Alt-reich Twitter lit up immediately; apparently most of their followers were not watching, so they could spin that Biden was losing the thread, stumbling over words,  all the things that Trump actually does.  Also, accused him of yelling -- also called forcefully, emphatically making points. 

Kamala Harris was an utterly brilliant cheerleader, looked completely happy, and  perfectly timed clapping and rising to her feet in response to each Biden point. Bobo, Gaetz, MTG realized that they were severely out classed. 

So let's get to the Republican response to the SOTU. Katie Britt, senator from Alabama, gave the response from her *checks notes* kitchen.  A minute or two after she started talking,  people all over Twitter simutaneously noted that it would be the SNL cold open -- no, not that it would be an SNL cast member, it would just be her speech.  Other references to Handmaid's Tale and so on.  But to save you from that horror,  

Never mind, you're strong!  Here's the original.  Put on your anti-cringe armor - it's hard to take. It's like watching someone with multiple personality disorder flip through their alternate identities. Also, many evangelical women raised in fundy families immediately noted the breathy baby voice (I'm submissive!), a la Michelle Duggar et al..

Ever since Kayleigh McEnany, those little "I'm just a big ol' fan of Jesus!" cross necklaces just chafe my chaps. 
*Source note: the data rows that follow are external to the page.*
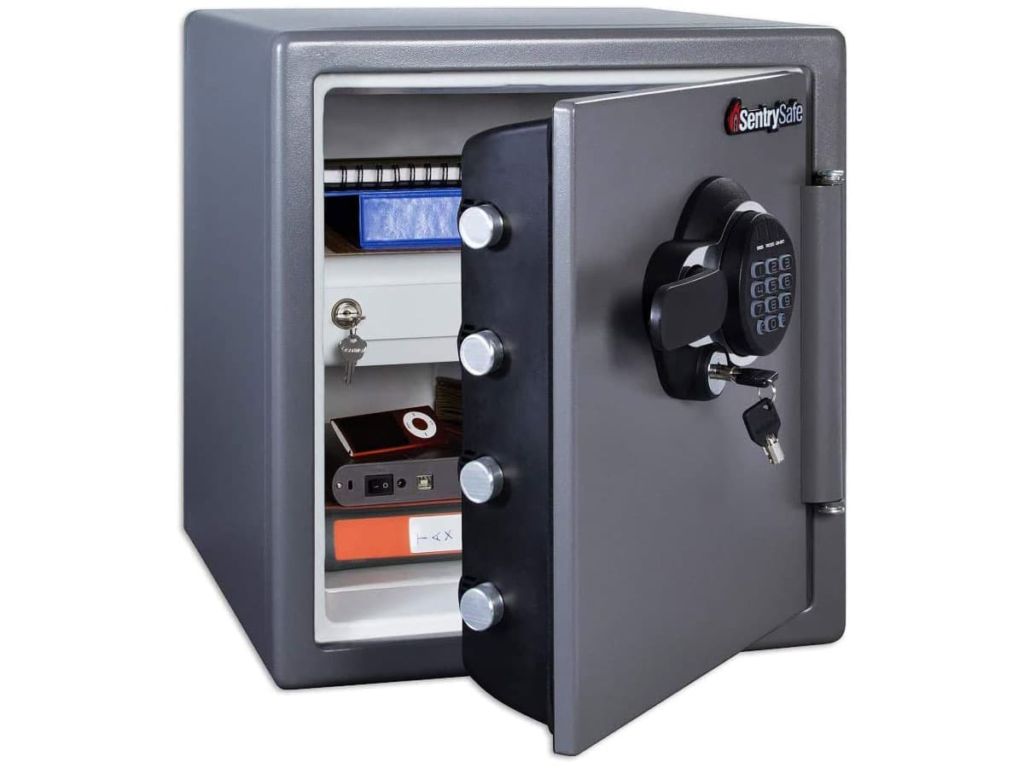 SentrySafe SFW123GDC Fireproof Safe and Waterproof Safe with Digital Keypad 1.23 Cubic Feet, Gun Metal Grey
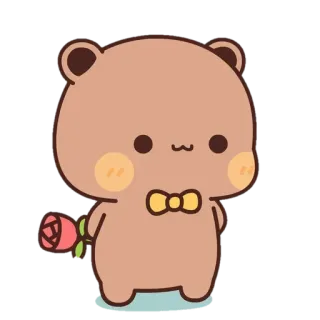 🍼 d84c2bc9 熊, 可爱, 卡通, 玫瑰, 领结 telegram sticker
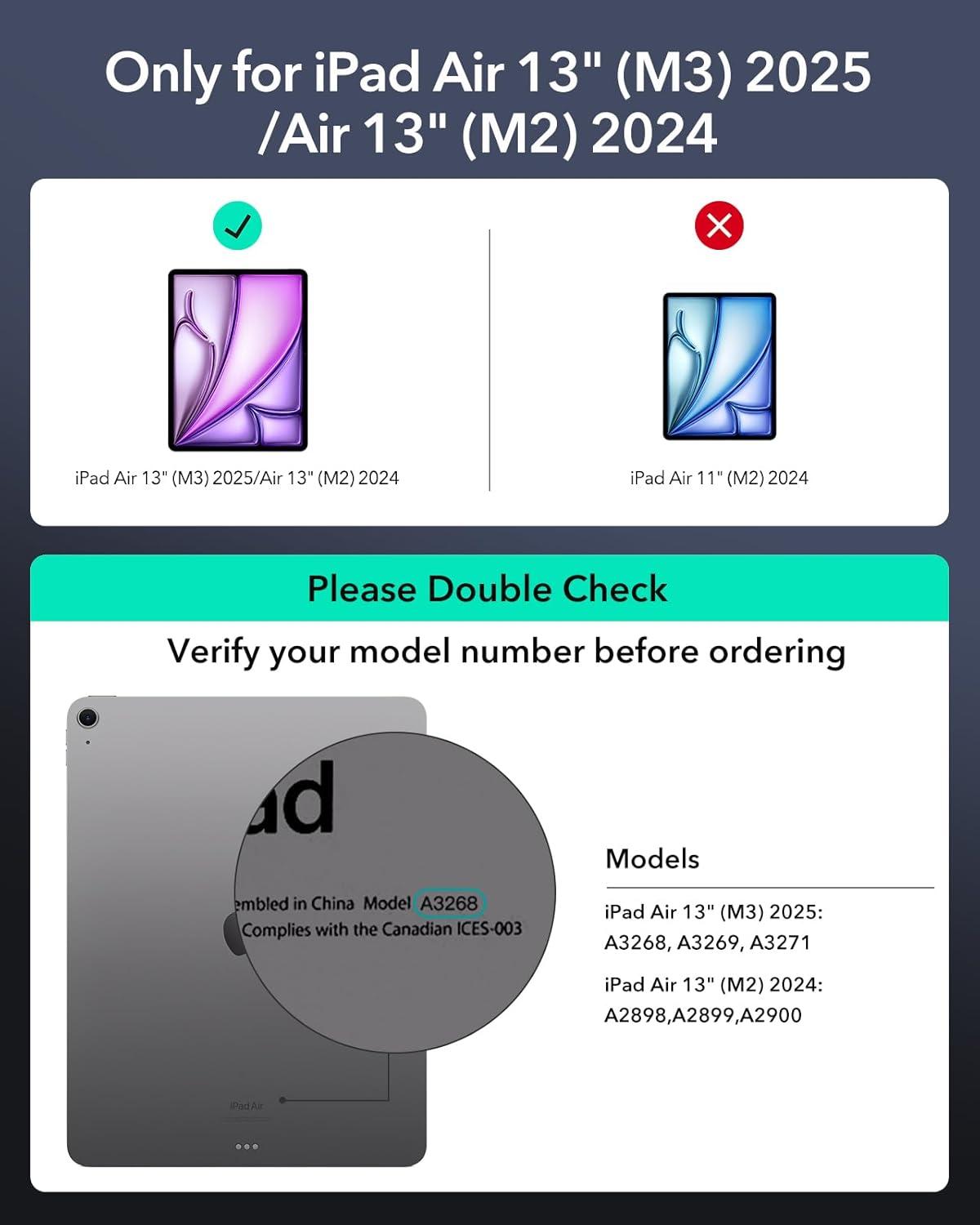 imageESR iPad Air 13 Inch Case Keyboard M3M2 20252024 Bundle with Geo Card Holder with Find My EasySet Magnetic Stand PortraitLandscape Mode Removable Case with MultiTouch Trackpad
 Went to Mass this morning, and the Gospel reading (and the theme of the homily) was about the 2 greatest commandments, loving God and your neighbor as yourself. And the deacon spoke about how the church is not like a museum and only there to attract the holiest and the best, but rather more like a field hospital serving the most in need of help, and often times people classify those in need as “others.” People like this woman are certainly free to have those opinions and to vocally proclaim that message, but in making that choice, they also need to stop wearing the outward signs of Christianity. This is not the message of Jesus Christ. You cannot hide from Jesus. He knows what is in your heart and it doesn’t matter how many crosses or T-shirts you wear claiming otherwise.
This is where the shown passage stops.